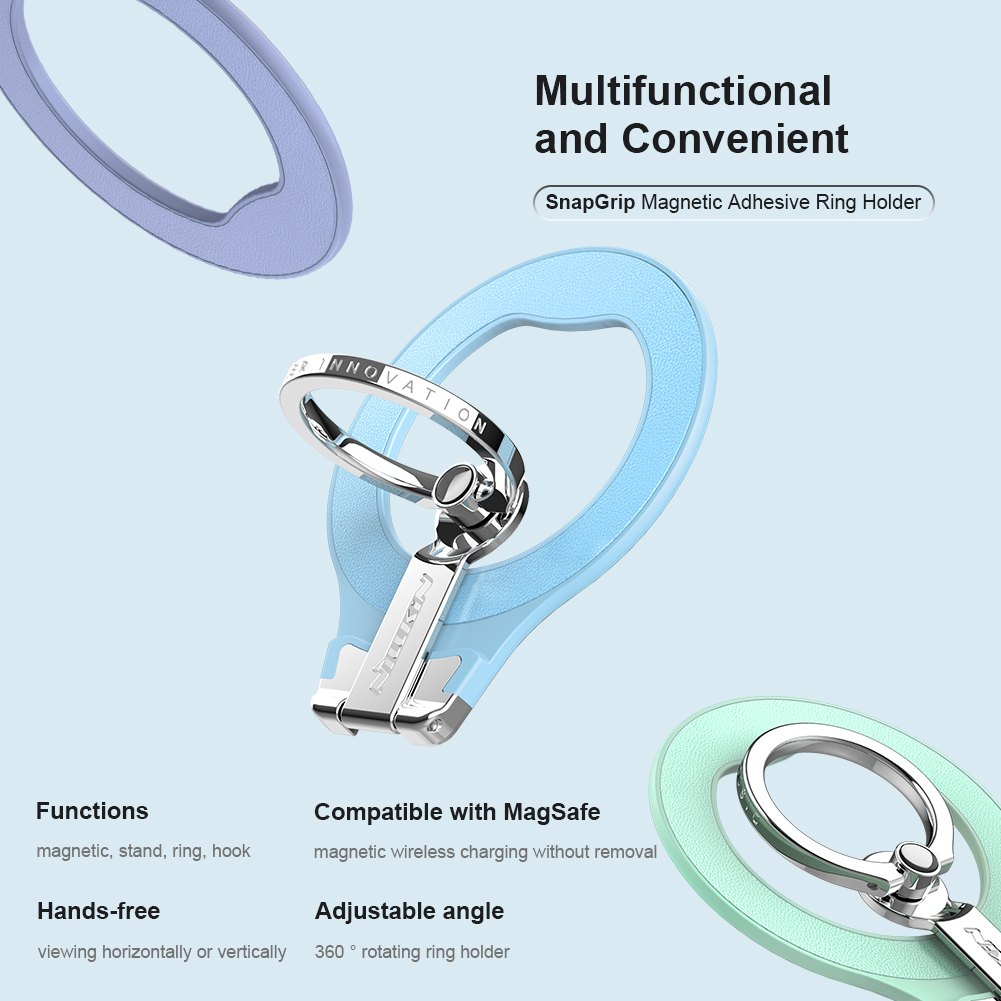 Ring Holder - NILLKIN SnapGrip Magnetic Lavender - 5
==
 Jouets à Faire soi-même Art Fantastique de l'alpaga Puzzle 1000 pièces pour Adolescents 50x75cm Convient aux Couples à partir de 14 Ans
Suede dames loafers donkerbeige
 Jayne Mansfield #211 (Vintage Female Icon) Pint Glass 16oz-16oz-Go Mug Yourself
---
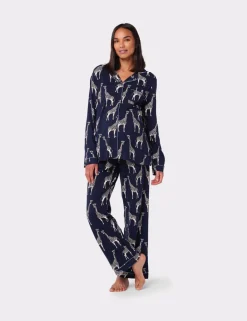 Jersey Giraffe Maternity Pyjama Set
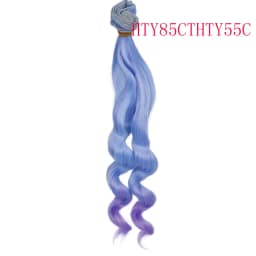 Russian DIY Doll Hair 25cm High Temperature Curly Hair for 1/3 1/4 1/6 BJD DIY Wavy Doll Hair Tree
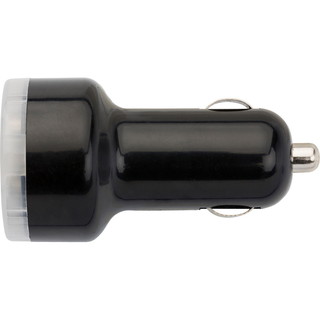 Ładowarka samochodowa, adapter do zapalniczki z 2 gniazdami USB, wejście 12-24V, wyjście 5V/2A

Task description »
Exercise for the records above: copy only the lines from the one with "Russian DIY Doll" to the one with "Ładowarka samochodowa, adapter", both ends kept, and drop the pictures.

Solution »
 Russian DIY Doll Hair 25cm High Temperature Curly Hair for 1/3 1/4 1/6 BJD DIY Wavy Doll Hair Tree
 Ładowarka samochodowa, adapter do zapalniczki z 2 gniazdami USB, wejście 12-24V, wyjście 5V/2A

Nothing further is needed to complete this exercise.